Ian Yeoman: Zum Beispiel werden wir entfernte Ziele viel schneller erreichen: Von Europa nach Neuseeland fliegen wir dann nicht mehr 24 Stunden wie heute, sondern höchstens vier im Überschalljet, wie ihn die Nasa gerade entwickelt. Über haptische Technologien wissen wir, wie es am Reiseziel duftet und wie sich besondere Dinge dort anfühlen. Wir werden uns einen dreidimensionalen Eindruck unserer Urlaubsorte verschaffen können, bevor wir buchen.
Was bringt die Zukunft noch?
Ian Yeoman: Bald werden Hologramme Alltag sein.
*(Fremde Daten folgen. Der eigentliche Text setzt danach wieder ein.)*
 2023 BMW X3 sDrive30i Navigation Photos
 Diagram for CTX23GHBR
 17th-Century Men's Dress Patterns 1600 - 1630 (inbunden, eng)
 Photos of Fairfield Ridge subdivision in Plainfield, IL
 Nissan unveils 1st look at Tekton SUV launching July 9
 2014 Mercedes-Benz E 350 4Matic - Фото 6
Im Edinburgh Castle etwa begleitet dich dann eine Figur aus dem Mittelalter als computergeneriertes Hologramm – eine völlig neue Dimension von Erlebnis. Wir werden überall Robotern begegnen, bei der Santander-Bank in Madrid führen sie schon heute Besucher zu Mitarbeitern. Noch fantastischer ist "programmierbare Materie", "Claytronics" genannt, an der die Carnegie Mellon Universität in Pittsburgh forscht. Das Prinzip funktioniert, wird aber nicht vor 2050 einsatzreif. Dann können Sie, ein harmloses Beispiel, im Hotel einstellen, wie weich Ihre Matratze sein soll, oder ihren Flugzeugsitz rekonfigurieren.
Kann Technologie nicht auch wie eine Barriere zwischen uns und der realen Welt wirken?
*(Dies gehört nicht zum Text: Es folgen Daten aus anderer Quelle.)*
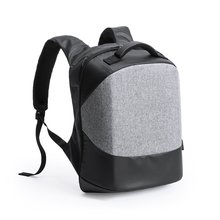 Mochila antirobo hidrófuga para portátil 15' Gris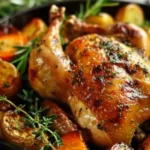 Savory Cornish Hen Recipe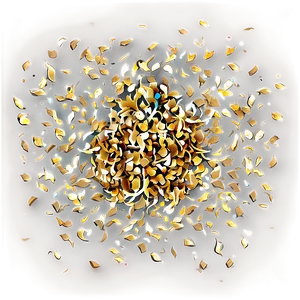 Gold Sparkle Confetti Png Ovf39 PNG Image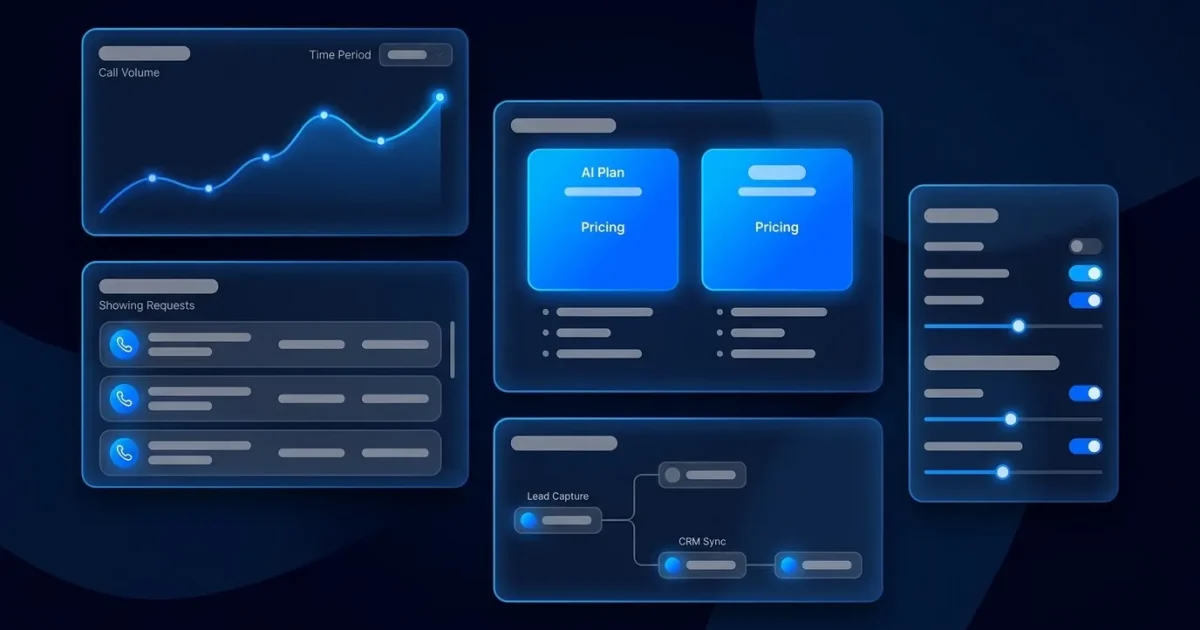 Top AI Receptionists for Real Estate: Pricing and Reviews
Ian Yeoman: Ich glaube nicht. So werden wir in Zukunft Live-Übersetzungen in allen Sprachen haben, entweder übers Smartphone oder eine Hirn-Computer-Schnittstelle, die uns die nötige Übersetzung liefert. Dann können wir uns in Tansania auf Kisuaheli mit den Leuten auf der Straße unterhalten. Technologie wird also Barrieren zwischen Menschen und Kulturen einreißen. Es ist alles eine Frage der Computerleistung, und die wird 2050 kein Problem mehr darstellen. Manchen wird die Technik bestimmte Erlebnisse überhaupt erst ermöglichen, etwa körperlich Behinderten, die dann mit einem Exoskelett, also einer Stütze aus künstlichen Muskeln, Knochen und Gelenken, auf Berge steigen oder wandern können.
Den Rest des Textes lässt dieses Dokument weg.